Ihre heutige Würdigung an die Menschen und Organisationen, die ihr damals politische Solidarität entgegengebracht haben, macht deutlich, dass sie ihre individuelle, politische Arbeit als ihren Beitrag zu der kollektiven Arbeit von Menschen einbringt, die in sozialen, antirassistischen, feministischen, gewerkschaftlichen und ökologischen Bewegungen, in Flüchtlings- und Gefangenenorganisationen, in all den Bündnissen die Tradition der emanzipatorischen, politischen Arbeit mit humanistischer Gesinnung fortführen.

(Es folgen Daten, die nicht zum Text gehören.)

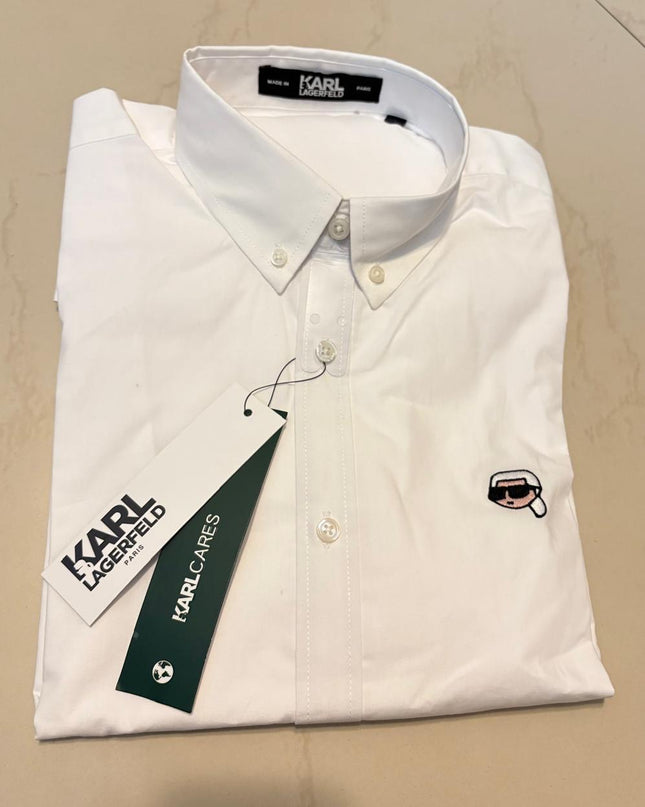 KL Men’s Classic White Shirt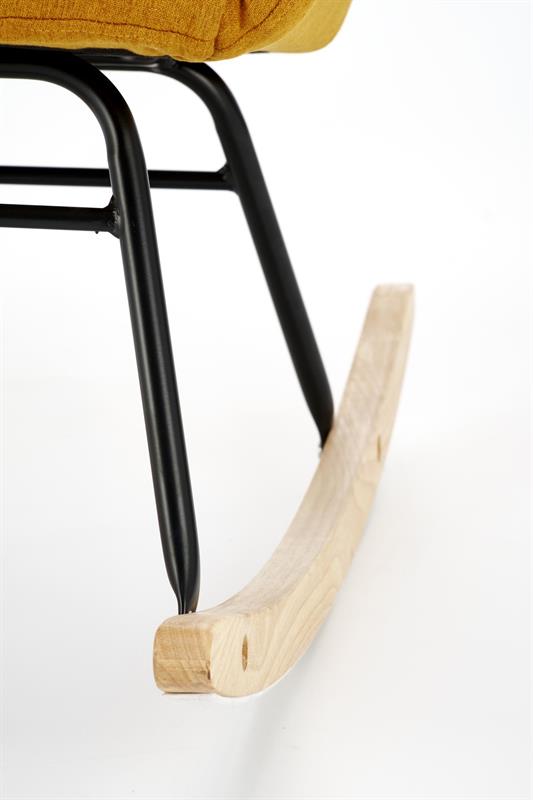 VASCO supamoji kėdė, garstyčių spalvos — изображение 8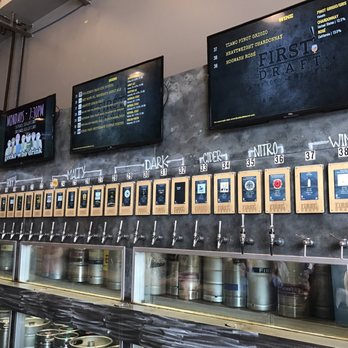 First Draft Taproom & Kitchen - Bars Near Me - Denver, Colorado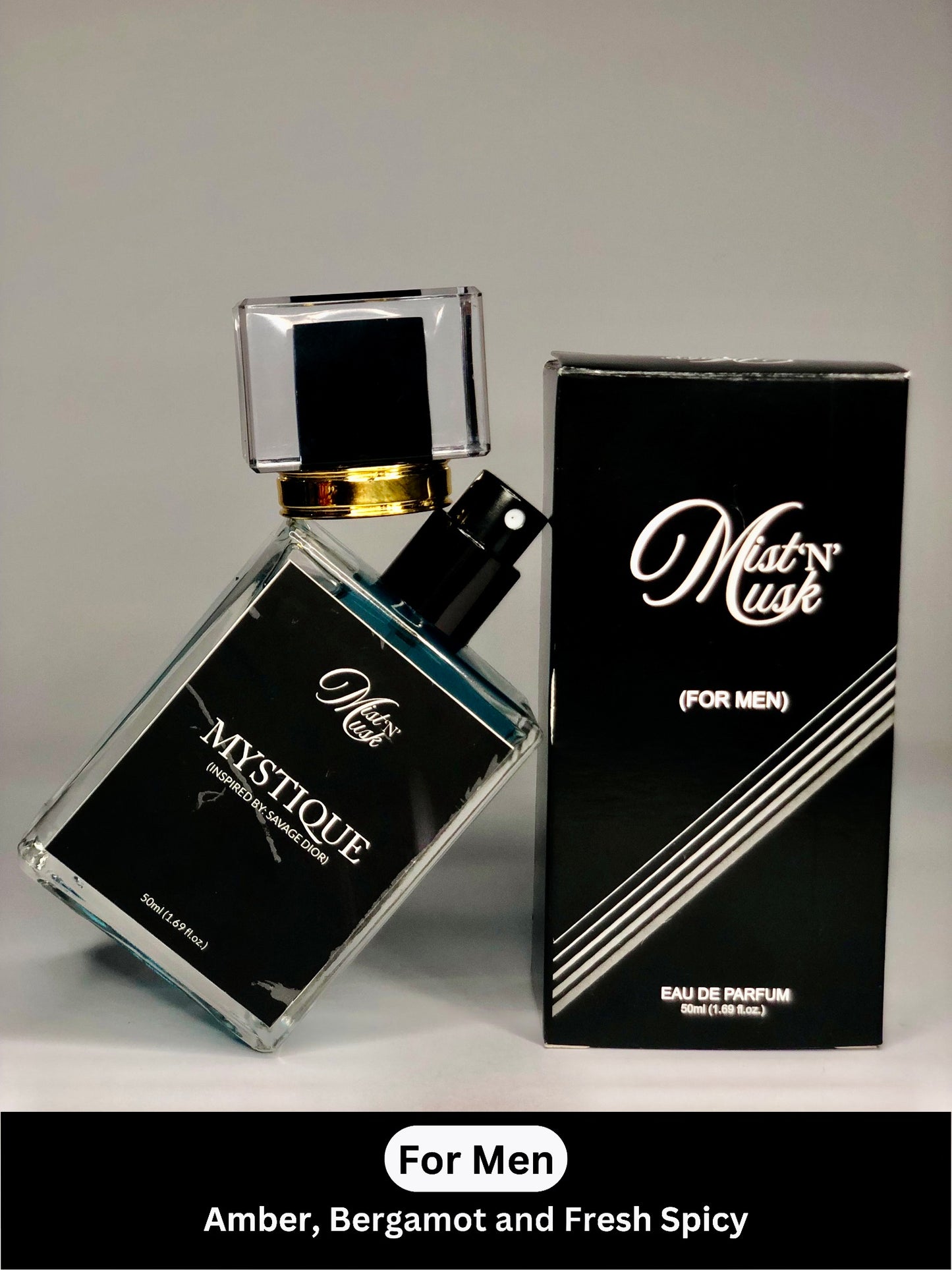 Mystique - For Men (Inspired By Sauvage Dior)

Begleitet von den Jugendlichen, die singend nd tanzend ihren selbstgeschriebenen Occupy-Song vortrugen, verließen wir mit einer freudig müden Angelas Davis bewegt und aufgewühlt die Berliner Occupy-Zeltstadt.
Eine Million Rosen
Die Festnahme von Angela Davis wegen des Verdachts auf Mord, Menschenraub und Verschwörung in New York City am 13. Oktober 1970 löste eine noch nie da gewesene weltweite Solidaritätsbewegung aus. Während in den USA die „Free Angela“-Kampagne ins Leben gerufen wurde entwickelte sich unter den linken Kräften in der BRD eine politische Solidaritätskampagne. Sie war auch geprägt von der Auseinandersetzung mit der damaligen Kriegspolitik der USA sowie der Unterstützung der überall in der Welt entstandenen Befreiungsorganisationen.
In der ehemaligen DDR sammelten die Bürger im Verlauf der Angela Davis-Solidaritätskampagne „Solidaritätsspenden“: Arbeiter- und Studentengruppen sammelten Unterschriften auf Listen und Transparenten, die sie als Zeichen der Unterstützung zu Davis ins Gefängnis schickten.
Dem Solidaritätsaufruf mit dem Titel „Eine Million Rosen für Angela Davis“ folgend, schickten Kindergarten- und Schulkinder und zahlreiche Jugendverbände abertausende mit Rosen bemalte Postkarten der inhaftierten Angela Davis in die Todeszelle. „Erst waren es einige, dann 20, 30, dann Hunderte und später trugen die Wärter tausende Postkarten täglich in meine Zelle“, so berichtete Angela Davis vor Jugendlichen im Occupy-Zelt in Berlin.